Zur Beantwortung dieser Fragen sollte man sich erst einmal klarmachen, welche Mechanismen dazu führen können, dass durch die Erdgasförderung bedingte Gebäudeschäden entstehen.
Was am 11.November 2012 im Bereich des Erdgasfeldes Völkersen geschehen ist, umschreibt die Erdgasindustrie gerne mit dem etwas weniger dramatischen Begriff des „seismischen Ereignisses“. Hierbei handelt es sich jedoch um nichts anderes als um ein durch die industrielle Tätigkeit der Förderung von Erdgas verursachtes Erdbeben. Diese entstehen durch einen plötzlichen Abbau von Spannungen („stress drop“) entlang von Bruchflächen in der Erdkruste, die sich durch die relative Bewegung der Gesteinsschichten auf beiden Seiten eines Bruches aufgebaut haben und wellenartig fortsetzen.Die Erdbebentätigkeit, die durch den plötzlichen Abbau von Spannungen verursacht wird, die auf menschliche Eingriffe in den Untergrund, hier die großflächige Förderung von Erdgas, zurückzuführen ist, wird dabei als „induzierte Seismizität“ bezeichnet.
Etwas ganz anderes stellen die durch die Ausbeutung des geologischen Untergrundes und der damit einhergehenden Schaffung von Hohlräumen häufig ebenfalls auftretenden Senkungen und Hebungen dar. Hierbei handelt es sich um senkrechte Bodenbewegungen, die, anders als fälschlicherweise von der Industrie gerne behauptet, keineswegs immer gleichmäßig ablaufen müssen und über einen längeren Zeitraum hinweg, wie z.B. im Steinkohlebergbau anerkannt, durchaus schädigende Ausmaße annehmen können. Für den Bereich der Erdgasförderung liegen hierzu aber kaum verwertbare Ergebnisse vor, so dass es dringend erforderlich ist, das Phänomen näher zu untersuchen.
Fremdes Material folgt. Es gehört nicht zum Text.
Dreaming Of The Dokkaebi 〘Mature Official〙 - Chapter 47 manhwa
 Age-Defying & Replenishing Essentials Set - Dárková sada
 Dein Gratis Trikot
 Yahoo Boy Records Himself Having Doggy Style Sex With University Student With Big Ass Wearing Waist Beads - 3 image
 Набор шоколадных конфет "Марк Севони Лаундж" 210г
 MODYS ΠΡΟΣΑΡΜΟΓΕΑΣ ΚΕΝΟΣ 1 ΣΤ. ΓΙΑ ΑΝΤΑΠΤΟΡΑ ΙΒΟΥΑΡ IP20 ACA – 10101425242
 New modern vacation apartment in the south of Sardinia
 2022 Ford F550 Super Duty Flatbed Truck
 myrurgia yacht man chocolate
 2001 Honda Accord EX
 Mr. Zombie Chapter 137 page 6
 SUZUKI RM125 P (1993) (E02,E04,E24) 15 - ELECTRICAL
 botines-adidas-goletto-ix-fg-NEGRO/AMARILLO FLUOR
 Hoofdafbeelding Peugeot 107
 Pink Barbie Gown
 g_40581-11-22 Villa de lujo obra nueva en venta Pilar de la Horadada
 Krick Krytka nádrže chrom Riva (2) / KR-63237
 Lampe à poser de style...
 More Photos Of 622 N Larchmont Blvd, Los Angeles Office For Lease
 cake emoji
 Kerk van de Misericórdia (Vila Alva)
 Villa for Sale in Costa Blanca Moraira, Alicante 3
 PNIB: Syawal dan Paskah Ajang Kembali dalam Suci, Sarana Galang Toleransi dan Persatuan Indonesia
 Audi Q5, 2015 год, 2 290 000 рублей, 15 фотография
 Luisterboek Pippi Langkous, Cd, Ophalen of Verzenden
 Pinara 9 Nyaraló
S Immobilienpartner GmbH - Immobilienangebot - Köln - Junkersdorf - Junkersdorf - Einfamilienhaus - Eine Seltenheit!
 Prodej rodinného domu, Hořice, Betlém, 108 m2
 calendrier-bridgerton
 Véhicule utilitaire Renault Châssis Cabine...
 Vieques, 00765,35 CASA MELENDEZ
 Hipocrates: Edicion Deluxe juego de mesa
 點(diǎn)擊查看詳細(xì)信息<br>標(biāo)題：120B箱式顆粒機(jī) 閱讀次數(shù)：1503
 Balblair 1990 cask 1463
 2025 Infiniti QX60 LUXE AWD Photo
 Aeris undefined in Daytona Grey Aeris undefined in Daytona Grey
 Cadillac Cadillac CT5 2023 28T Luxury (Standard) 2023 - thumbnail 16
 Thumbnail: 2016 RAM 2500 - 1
Doch dazu später mehr.
Was tun bei Erdbebenschäden?
Anders als bei den Senkungen und Hebungen kann allerdings heute auch in Deutschland – in den Niederlanden zum Beispiel ist das schon seit längerem anerkannt – wohl als unstreitig gelten, dass die Erdgasförderung Erdbeben auslösen kann und zukünftig auch noch Erdbeben auslösen wird. Der Streit darüber, ob und wie die dabei entstehenden Gebäudeschäden auszugleichen sind, dreht sich dann inzwischen auch um eine ganz andere Frage. Nämlich darum, ob diese Erdbeben geeignet sind, derartige Schäden zu verursachen und wer dieses zu beweisen hat.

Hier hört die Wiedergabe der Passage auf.